“I am still juiced up for making a good photo,” said the 1946-born who has won dozens of top global awards for his work.

With fellow visual storyteller Rick Smolan, Burnett, often said to be the last photographer hired by Life Magazine before it folded as a weekly in 1972, reflected on a career spanning the Vietnam War, the Iranian Revolution, every US president since Kennedy and producing the only photographic record of three presidential impeachments.

"Turn off all the feedback screens. Just go be a photographer," the 2024 White House News Photographers Association Lifetime Achievement Award recipient told the audience, offering advice that distilled his philosophy on the craft.

Burnett's journey began with an intercollegiate news service press card he purchased for five dollars during his freshman year at university. "There is never, there has never been, nor will there ever be, an intercollegiate news service," Burnett recalled ‘the start of it all’, with a laugh. 

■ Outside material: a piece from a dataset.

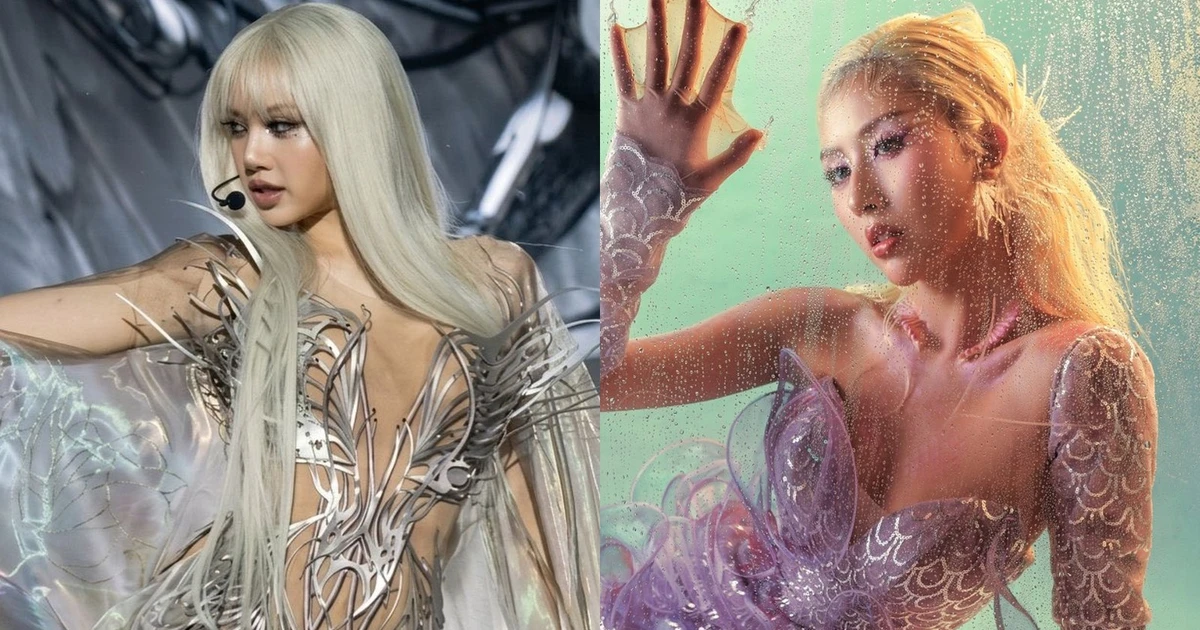 Video Lisa trên nền nhạc Em Xinh: Netizen khen Quỳnh Anh Shyn "đi trước thời đại"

That early resourcefulness would serve him throughout a career defined by being in the right place at the right moment and sometimes, miraculously, not being there at all.

Burnett recounted his decision to buy a one-way ticket to Saigon in the early 1970s. What he thought would be a month-long visit became two years documenting one of the 20th century's defining conflicts. His most haunting Vietnam memory dates to February 1971 after spending five months in the war zone, By a slim margin of fate, he missed the flight that claimed the lives of Larry Burrows, Henri Huet, Kent Potter, and Keisaburo Shimamoto, whose helicopter was lost over Laos just minutes after departure.

"Having been stopped from getting on that helicopter, somewhere inside there is this feeling: ‘you were lucky that day’. Stay as dedicated to making pictures as you can be, because that's what these guys all died for, was the chance to make a picture,” he said. 

Burnett's coverage of pivotal diplomatic moments demonstrated his ability to shape history whilst ostensibly only ‘observing it’. At Ronald Reagan’s first meeting with Mikhail Gorbachev, Burnett missed out on White House credentials for the final press conference, secured last-minute access through the Soviet press office, and once inside immediately noticed the leaders’ chairs were set nearly a metre apart—too distant for a compelling photograph.

“We go up, and everybody's got their light metres out, and as we're doing that...we're pushing the chairs together so that you could get them with a 200 millimetre lens," he said. "Because, you know, they were way out, because by the time the protocol people saw what had happened, it was too late."

His advice to emerging photographers emphasised passion over equipment. "It's all about your passion. Find the subject," he said. "Find something you love, and you focus on that."

Named one of American Photo magazine's 100 Most Important People in Photography and recognised by Sony as an Artisan of Imagery, Burnett has written 16 books and two award-winning documentaries that continue to shape the field of visual journalism.